* [Your instructions] Each line that has the string "shirt" must be copied from the records below.

◆ ◆ ◆ ◆ ◆

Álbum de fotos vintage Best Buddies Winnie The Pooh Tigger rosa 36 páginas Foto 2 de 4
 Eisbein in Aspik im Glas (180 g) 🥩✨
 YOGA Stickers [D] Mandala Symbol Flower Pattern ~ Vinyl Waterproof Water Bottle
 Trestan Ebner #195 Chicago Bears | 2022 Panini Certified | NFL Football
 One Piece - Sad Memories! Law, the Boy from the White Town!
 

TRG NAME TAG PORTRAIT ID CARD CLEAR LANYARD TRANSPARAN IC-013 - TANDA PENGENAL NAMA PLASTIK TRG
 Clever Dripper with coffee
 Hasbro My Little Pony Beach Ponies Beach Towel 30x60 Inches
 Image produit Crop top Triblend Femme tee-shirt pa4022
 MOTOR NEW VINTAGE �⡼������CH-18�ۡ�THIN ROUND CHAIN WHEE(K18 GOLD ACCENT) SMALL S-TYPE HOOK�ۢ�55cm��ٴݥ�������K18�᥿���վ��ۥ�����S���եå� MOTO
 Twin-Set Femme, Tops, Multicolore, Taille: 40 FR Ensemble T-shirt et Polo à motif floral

◆ ◆ ◆ ◆ ◆

* [Expected answer]
 Image produit Crop top Triblend Femme tee-shirt pa4022
 Twin-Set Femme, Tops, Multicolore, Taille: 40 FR Ensemble T-shirt et Polo à motif floral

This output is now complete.